Personal information
- Date of birth: 6 June 1906
- Place of birth: Smederevo, Kingdom of Serbia
- Date of death: 18 March 1987 (aged 80)
- Place of death: Belgrade, SFR Yugoslavia
- Position: Midfielder

Youth career
- Mačva Šabac

Senior career*
- Years: Team / Apps / (Gls)
- 1921–1925: Mačva Šabac
- 1926–1938: BSK / 97 / (1)

International career
- 1927–1936: Kingdom of Yugoslavia / 52 / (0)

Managerial career
- 1946–1954: Yugoslavia
- Železničar Beograd

= Milorad Arsenijević =

Serbian footballer

Milorad Arsenijević (Милорад Арсенијевић; 6 June 1906 – 18 March 1987) was a Serbian football player and manager. He was part of Yugoslavia's team at the 1928 Summer Olympics.

==Playing career==
===Club===
He was born in Smederevo and grew up in Šabac. He started playing for the youth squad of the local team, FK Mačva Šabac, when he was 14 years old and later debuted for the main squad.

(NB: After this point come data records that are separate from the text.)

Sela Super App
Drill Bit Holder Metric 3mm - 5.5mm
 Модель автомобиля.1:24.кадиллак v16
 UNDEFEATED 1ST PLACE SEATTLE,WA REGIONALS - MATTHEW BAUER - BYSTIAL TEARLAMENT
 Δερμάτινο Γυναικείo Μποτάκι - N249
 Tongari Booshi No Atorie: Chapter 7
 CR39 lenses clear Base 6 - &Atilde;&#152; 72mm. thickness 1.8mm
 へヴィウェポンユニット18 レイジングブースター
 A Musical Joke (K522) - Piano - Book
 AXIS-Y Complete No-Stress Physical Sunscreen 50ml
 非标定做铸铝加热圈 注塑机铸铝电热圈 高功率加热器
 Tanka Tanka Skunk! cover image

After graduating highschool, he moved to Belgrade to continue his studies. He joined Beogradski sport klub (BSK), one of the dominant clubs of Yugoslav football at the time, where he would spend the rest of his career as one of their main defenders.

===International===
He earned 52 caps for the Yugoslavia national football team, including at the 1930 FIFA World Cup. His final international was a December 1936 friendly match away against France.

==Managerial career==
After retiring as a player, he managed Yugoslavia in the 1950 FIFA World Cup and coached for a long period at lower-league club FK Železničar Beograd. He died in 1987 in Belgrade.